» Exercise prompt
In the entries below, find the line with "34 best natural" and the line with "Anti-FBP1 antibody produced". Print those two and everything between them exactly, and nothing else.

--- START ---

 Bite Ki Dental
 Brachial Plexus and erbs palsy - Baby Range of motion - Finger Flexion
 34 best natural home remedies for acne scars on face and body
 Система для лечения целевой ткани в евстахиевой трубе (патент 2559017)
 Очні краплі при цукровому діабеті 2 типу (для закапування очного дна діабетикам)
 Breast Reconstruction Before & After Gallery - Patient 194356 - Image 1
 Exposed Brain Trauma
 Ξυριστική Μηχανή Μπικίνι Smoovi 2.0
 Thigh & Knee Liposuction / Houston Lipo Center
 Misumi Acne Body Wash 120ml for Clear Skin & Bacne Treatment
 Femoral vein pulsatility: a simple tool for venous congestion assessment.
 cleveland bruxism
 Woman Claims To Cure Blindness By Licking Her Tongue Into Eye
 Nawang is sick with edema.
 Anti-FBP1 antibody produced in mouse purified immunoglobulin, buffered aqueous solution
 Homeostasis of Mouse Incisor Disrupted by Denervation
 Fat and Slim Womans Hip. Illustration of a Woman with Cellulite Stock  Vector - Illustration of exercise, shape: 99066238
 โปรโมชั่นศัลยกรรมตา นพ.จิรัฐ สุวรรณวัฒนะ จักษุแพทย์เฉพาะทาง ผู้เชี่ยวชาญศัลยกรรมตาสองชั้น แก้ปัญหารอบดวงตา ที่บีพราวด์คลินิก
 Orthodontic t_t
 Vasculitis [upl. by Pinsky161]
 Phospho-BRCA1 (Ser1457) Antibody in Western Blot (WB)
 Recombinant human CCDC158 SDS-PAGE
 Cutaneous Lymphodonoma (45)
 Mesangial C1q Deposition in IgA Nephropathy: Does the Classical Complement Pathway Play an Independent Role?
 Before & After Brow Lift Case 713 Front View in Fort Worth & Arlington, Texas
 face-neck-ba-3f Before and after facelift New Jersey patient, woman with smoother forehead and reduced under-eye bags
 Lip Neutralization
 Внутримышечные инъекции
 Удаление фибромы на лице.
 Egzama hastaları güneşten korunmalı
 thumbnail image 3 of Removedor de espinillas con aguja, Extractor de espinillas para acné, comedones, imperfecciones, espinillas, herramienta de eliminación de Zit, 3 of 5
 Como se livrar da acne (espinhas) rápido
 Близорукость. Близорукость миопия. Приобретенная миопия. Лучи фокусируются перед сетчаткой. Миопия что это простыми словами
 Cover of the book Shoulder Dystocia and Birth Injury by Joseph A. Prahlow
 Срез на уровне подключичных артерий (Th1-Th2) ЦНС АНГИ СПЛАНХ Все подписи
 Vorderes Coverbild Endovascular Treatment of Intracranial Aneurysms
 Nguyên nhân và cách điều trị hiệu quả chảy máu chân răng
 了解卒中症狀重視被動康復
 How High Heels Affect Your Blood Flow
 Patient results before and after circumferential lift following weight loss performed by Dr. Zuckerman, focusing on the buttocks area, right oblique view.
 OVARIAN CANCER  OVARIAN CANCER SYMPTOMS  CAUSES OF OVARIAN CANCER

--- END ---

» Response to the exercise
 34 best natural home remedies for acne scars on face and body
 Система для лечения целевой ткани в евстахиевой трубе (патент 2559017)
 Очні краплі при цукровому діабеті 2 типу (для закапування очного дна діабетикам)
 Breast Reconstruction Before & After Gallery - Patient 194356 - Image 1
 Exposed Brain Trauma
 Ξυριστική Μηχανή Μπικίνι Smoovi 2.0
 Thigh & Knee Liposuction / Houston Lipo Center
 Misumi Acne Body Wash 120ml for Clear Skin & Bacne Treatment
 Femoral vein pulsatility: a simple tool for venous congestion assessment.
 cleveland bruxism
 Woman Claims To Cure Blindness By Licking Her Tongue Into Eye
 Nawang is sick with edema.
 Anti-FBP1 antibody produced in mouse purified immunoglobulin, buffered aqueous solution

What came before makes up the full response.